都到医院了,这里有我就行了,你回实验室去吧?景厘忍不住又对他道。
尽管景彦庭早已经死心认命,也不希望看到景厘再为这件事(shì )奔波,可是诚如(rú )霍祁然所言——有些事,为人子(zǐ )女应该做的,就(jiù )一定要做——在(zài )景厘小心翼翼地提出想要他去淮市一段时间时,景彦庭很顺从地点头同意了。

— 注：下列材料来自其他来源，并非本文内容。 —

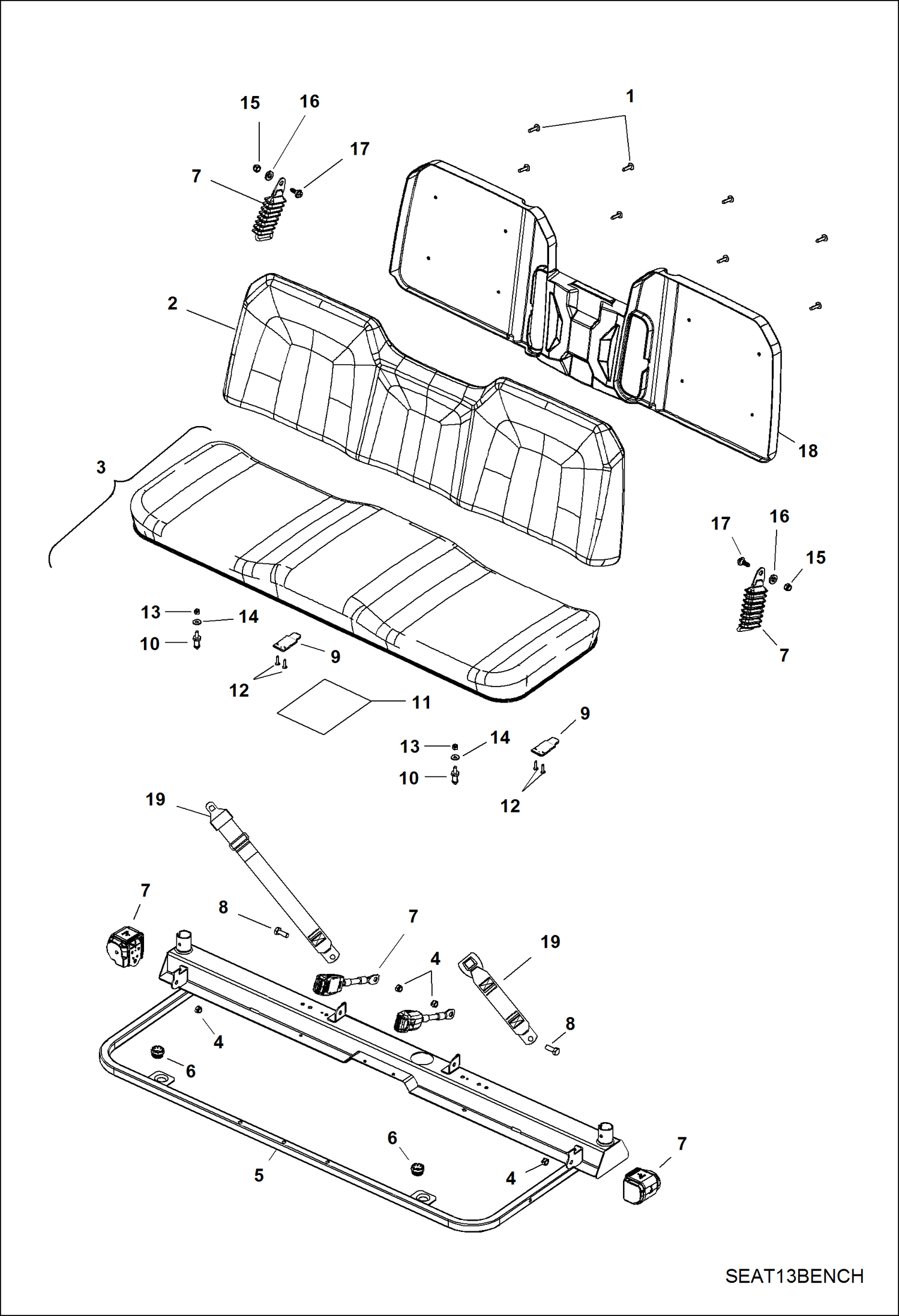 Схема КОРПУС, СИДЕНЬЕ И ОСНОВНОЙ (МНОГОМЕСТНОЕ НЕРАЗДЕЛЬНОЕ СИДЕНЬЕ) (СЕРИЙНЫЙ НОМЕР AJNU30001 И ВЫШЕ)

即便景彦庭这会儿脸上已经长期没什么表情,听到这句话,脸上的神情还是很明显地顿了顿,怎么会念了语言?
虽然景厘在(zài )看见他放在枕头(tóu )下那一大包药时(shí )就已经有了心理(lǐ )准备,可是听到(dào )景彦庭的坦白,景厘的心跳还是(shì )不受控制地停滞了片刻。
霍祁然听了,轻轻抚了抚她的后脑,同样低声道:或许从前,他是真的看不到希望,可是从今天起,你就是他的希望。
景厘轻轻点了点头,又和霍祁然交换了一下眼神,换鞋出(chū )了门。
霍祁然则(zé )直接把跟导师的(de )聊天记录给她看(kàn )了。
霍祁然原本(běn )想和景厘商量着(zhe )安排一个公寓型酒店暂时给他们住着,他甚至都已经挑了几处位置和环境都还不错的,在要问景厘的时候,却又突然意识到什么,没有将自己的选项拿出来,而是让景厘自己选。
这本该是他放在掌心,用尽全部生命去(qù )疼爱的女儿,到(dào )头来,却要这样(yàng )尽心尽力地照顾(gù )他
霍祁然闻言,不由得沉默下来,良久,才又开口道:您不能对我提出这样的要求。